> WHAT YOU NEED TO DO
Would you repeat each line below exactly, without the pictures?

(Data items)
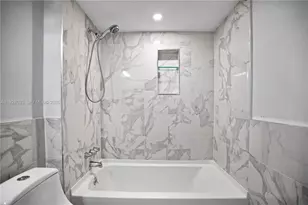 370 E Laurel Dr, Margate, FL 33063 - Photo 7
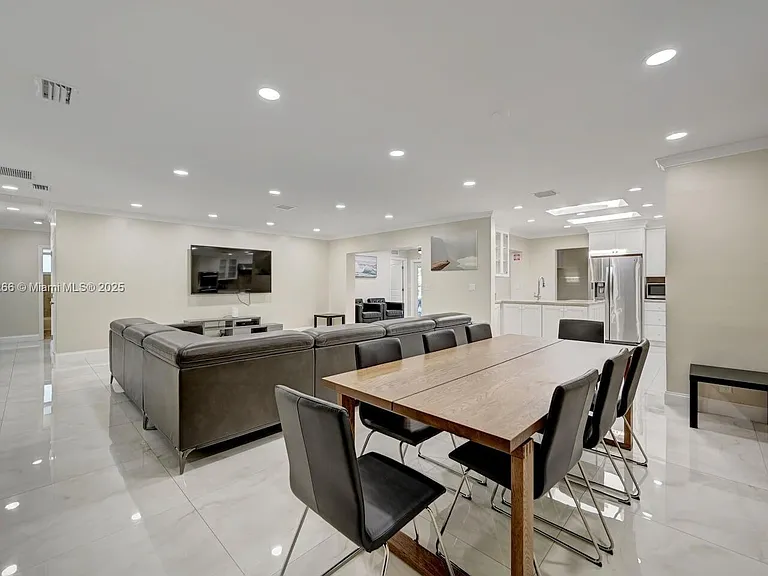 1311 Rodman St — Photo 22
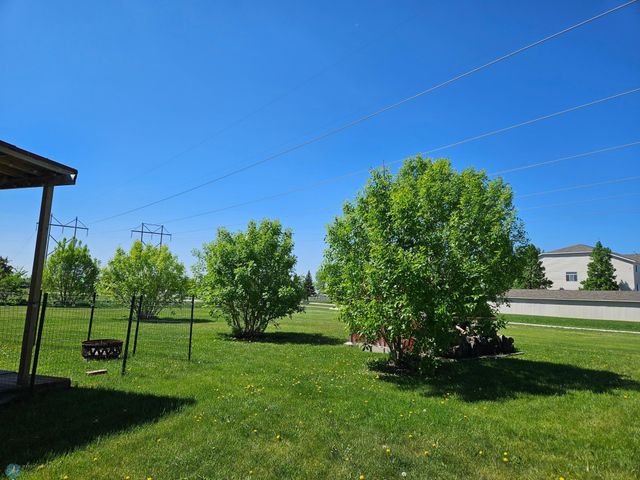 4732 San Juan Drive, Fargo, ND 58103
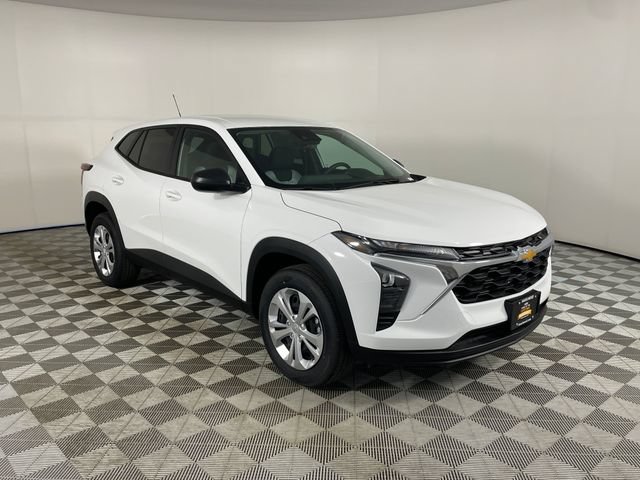 New 2026 Chevrolet Trax LS w/ Driver Confidence Package FWD image 22
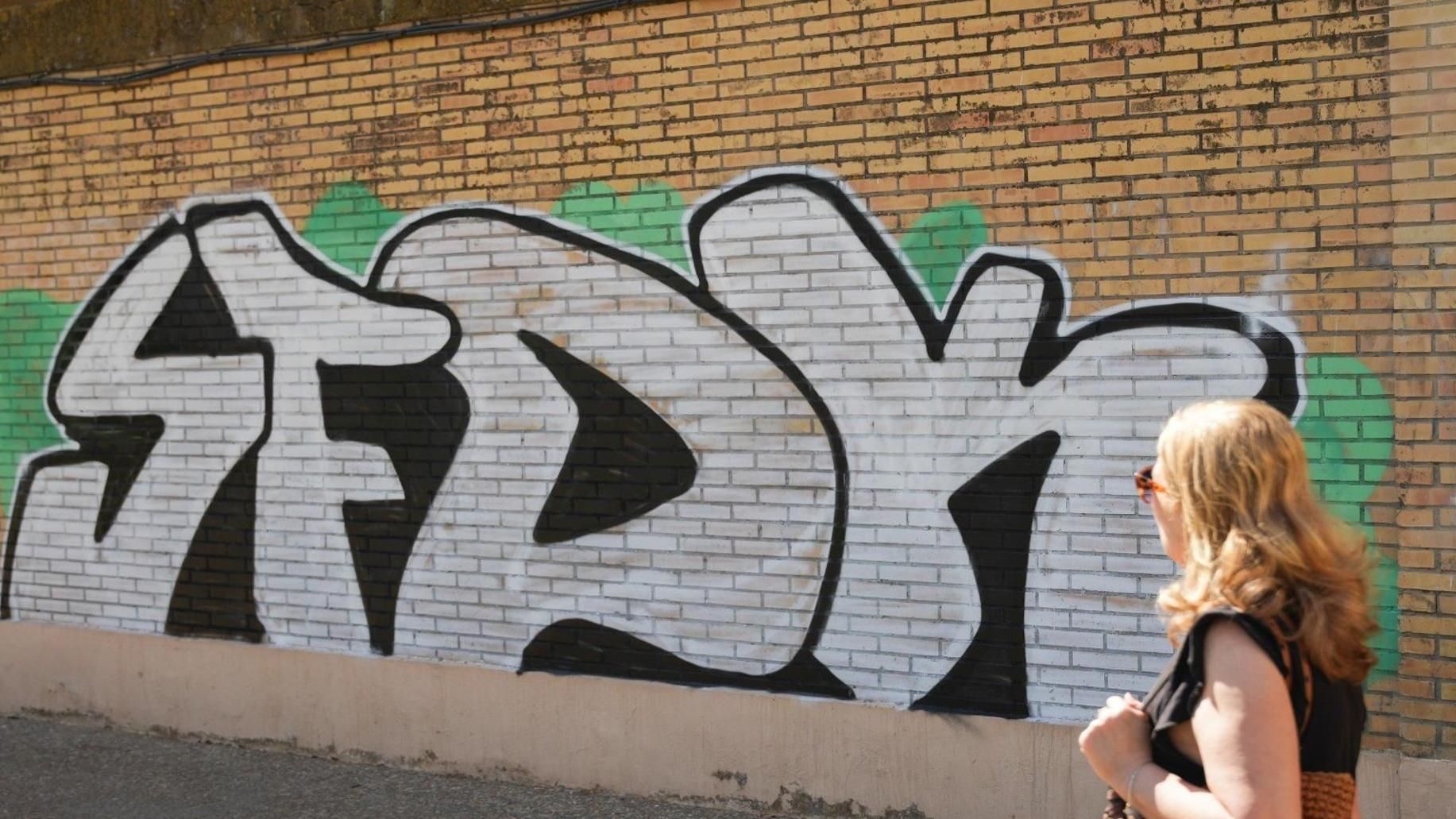 Reaparece el grafiti a 'SFDK' que fue borrado por el Ayuntamiento en Pino Montano (Sevilla).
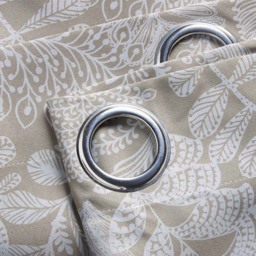 Alan Symonds Fern Cream Blackout Ring Top Eyelet Curtains 111 x 137cm - Size: W 111 x D 137cm - Wilko - thumbnail 5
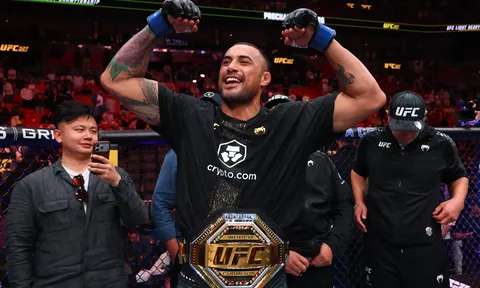 Carlos Ulberg làm mất đai vô địch ngay sau đêm đăng quang tại UFC 327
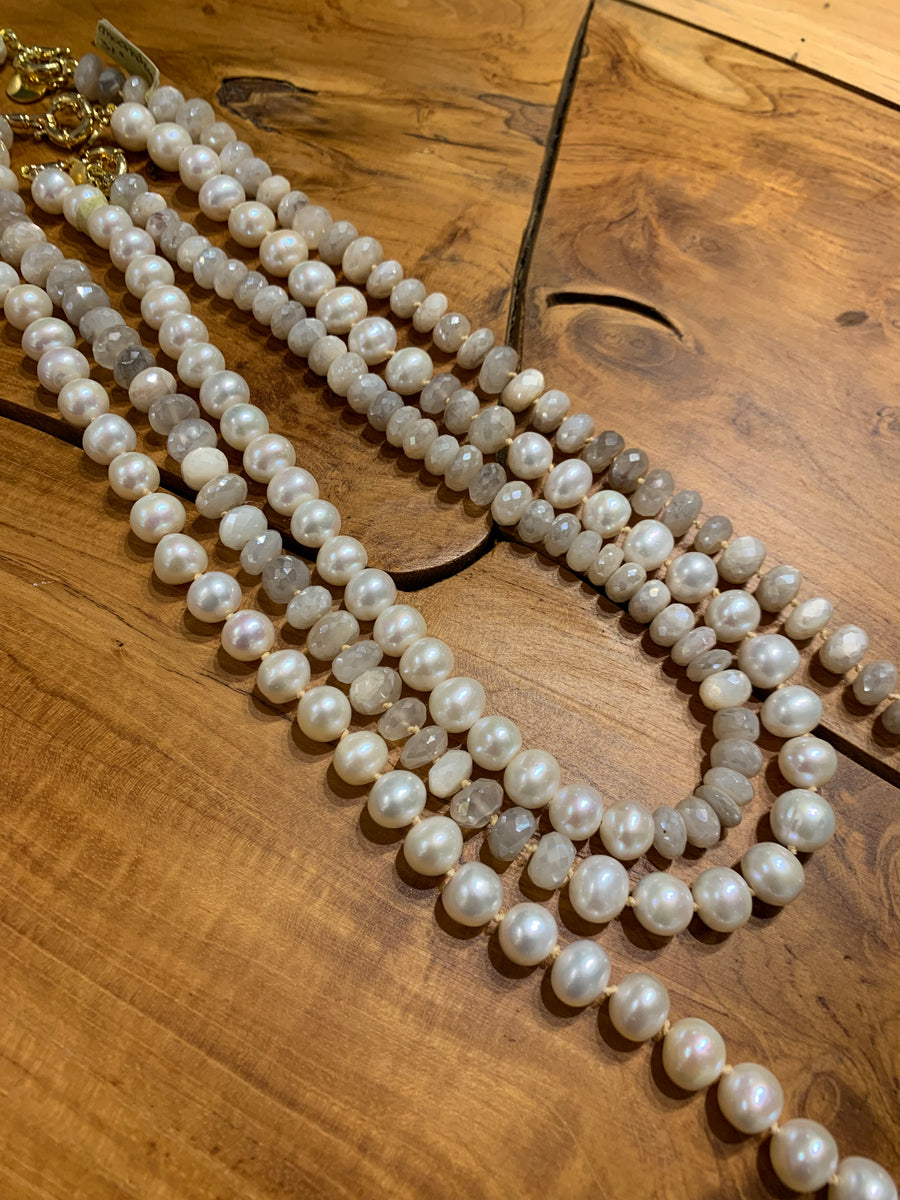Necklace | Faceted Ivory Moonstone & Freshwater Pearls | 31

> ANSWER FOR THIS EXERCISE
 370 E Laurel Dr, Margate, FL 33063 - Photo 7
 1311 Rodman St — Photo 22
 4732 San Juan Drive, Fargo, ND 58103
 New 2026 Chevrolet Trax LS w/ Driver Confidence Package FWD image 22
 Reaparece el grafiti a 'SFDK' que fue borrado por el Ayuntamiento en Pino Montano (Sevilla).
 Alan Symonds Fern Cream Blackout Ring Top Eyelet Curtains 111 x 137cm - Size: W 111 x D 137cm - Wilko - thumbnail 5
 Carlos Ulberg làm mất đai vô địch ngay sau đêm đăng quang tại UFC 327
Necklace | Faceted Ivory Moonstone & Freshwater Pearls | 31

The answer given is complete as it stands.